Lake, an ex-Phoenix newscaster, released a pseudo-country track, “81 Million Votes, My Ass,” on June 2. The song’s title is a reference to Lake’s titular quote from a CPAC dinner on March 3, where she doubled down on former President Donald Trump’s election lies and expressed skepticism about the vote tally President Joe Biden reached in the 2020 election.

Lake has appropriated Trump’s riff about the “Big Lie” and is leaning full tilt into the conspiracy theory despite the former president facing prison time for dozens of felonies in New York and this week becoming the first U.S. ex-president to face a federal indictment.

When asked about her new song, Lake took the opportunity to insult Phoenix New Times and promote her new book “Unafraid: Just Getting Started,” which ships later this month.
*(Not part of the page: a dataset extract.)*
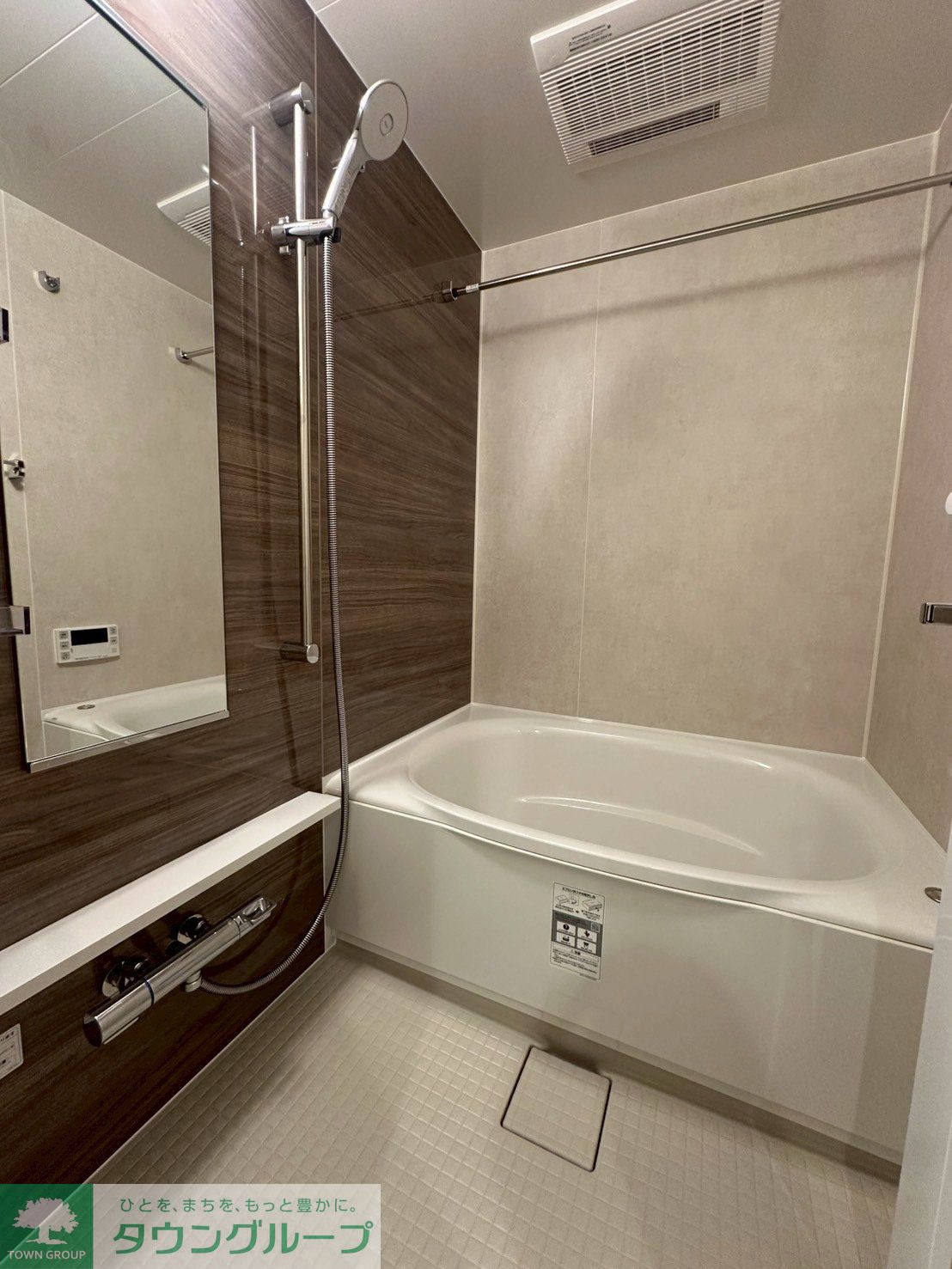 シャワールーム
Apparently, the book mentions the time she said “fuck them” when referring to us on a hot mic in 2019 before departing from Fox 10.

“If you like the song, you’re going to love the book that comes out on June 27,” Lake told New Times. “Most people have forgotten your rag of a paper even exists, but I do you guys a favor by mentioning you in the second chapter. Enjoy!”

Lake fans ‘hungry for this kind of music’

“81 Million Votes My Ass” was written and performed by Jeffrey Steele, a prolific Nashville singer-songwriter who has crafted chart-topping hits for artists such as Rascal Flatts, Tim McGraw, Faith Hill and Billy Ray Cyrus.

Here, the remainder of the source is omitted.